Surviving The Holidays
By Jennifer Kay, L.C.S.W. 

 

Holidays and special occasions can bring out the best and the worst in us. The prospect of wonderful, happy times abound, filling us with somewhat unrealistic hopes for our relationships. We are often disappointed by how these special occasions turn out. Add to the normal tensions of holidays, the image of someone you love being ill or incapacitated, and you have the makings of very difficult times. Many times we wish we could just disappear until the holidays are over.

Caregivers may have unusually high expectations during holidays and special occasions. Knowing that this might be a last birthday, anniversary, Thanksgiving, Hanukah etc., caregivers may feel enormous pressure to make this time especially significant. The care giving family faces the normal tensions families experience in the holiday season, but their resources are usually depleted, energy levels are low and free time is limited.

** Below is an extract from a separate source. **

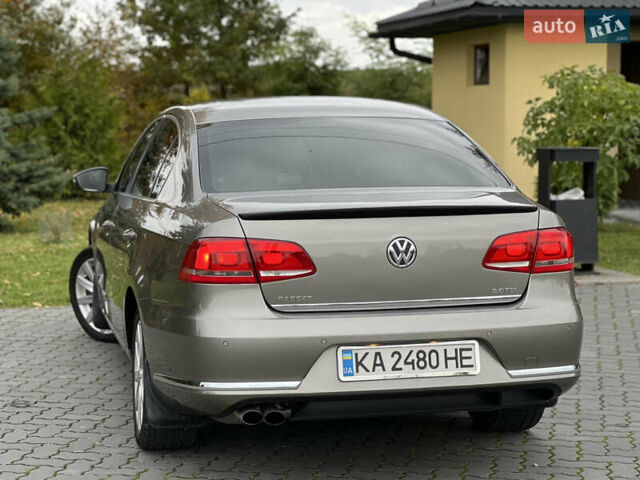 Коричневый Фольксваген Пассат, объемом двигателя 1.97 л и пробегом 240 тыс. км за 9900 $, фото 17 на Automoto.ua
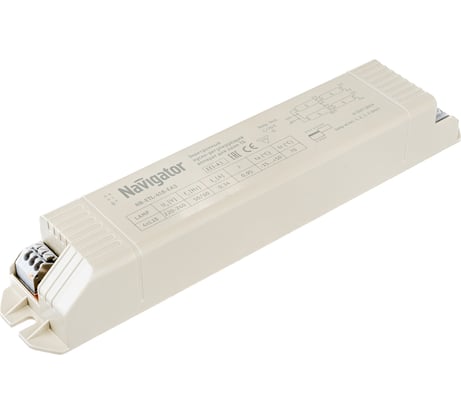 Электронный пускорегулирующий аппарат | дроссель Navigator ЭПРА 94 449 NB-ETL-418-EA3 94449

Some thought and careful planning can make these times easier. First and foremost, we need to try and think about what we really want to happen. Are you looking to have a quiet day? Is it important to have anyone in particular with you? If you are a caregiver you must ask yourself, "What am I up to doing?" Honor your answer by not doing more than you feel you are comfortable doing.

If you choose to have company at these times, make it as easy as possible. Don't assume all the responsibility. Ask your loved one what he feels up to. Most people usually like to have those they love, and feel comfortable around, with them. Limit these occasions to family members and a few close friends.

Encourage honest communication between the entire family including close friends. Although your loved one may not seem to know exactly what is going on, try to remember that most care recipients have a real sense about themselves, their illness and what is going on in their world. Don't allow the person's illness to replace their identity.

Families can share their sadness and disappointments by openly communicating about them. And, while you do not need to force cheerfulness, don't forget that humor makes many of the difficulties of life easier to bear.

Keeping your level of expectations realistic will make the day go more smoothly for you, your loved one, extended family and friends. Remember that whatever you choose to do this year does not need to be the same as the past or the same in the future. If sandwiches on paper plates served in the bedroom are all that is possible, don't try to cook a turkey dinner.

The best advice for caregivers is to be realistic. Expect the normal tensions of family togetherness. Let others know how they can make the holidays easier for you. Don't overdo it. Recognize that you may be physically and emotionally depleted. Try to read, exercise, eat well and get some time alone. Try to stay in the here and now; anticipation is always worse than the actual event. We cannot predict what tomorrow will bring for anyone, so enjoy this day without needing for it to be perfect. Let yourself dispense with the "institutional" nature of the holidays and look for ways to make the day meaningful for yourself and for your loved ones.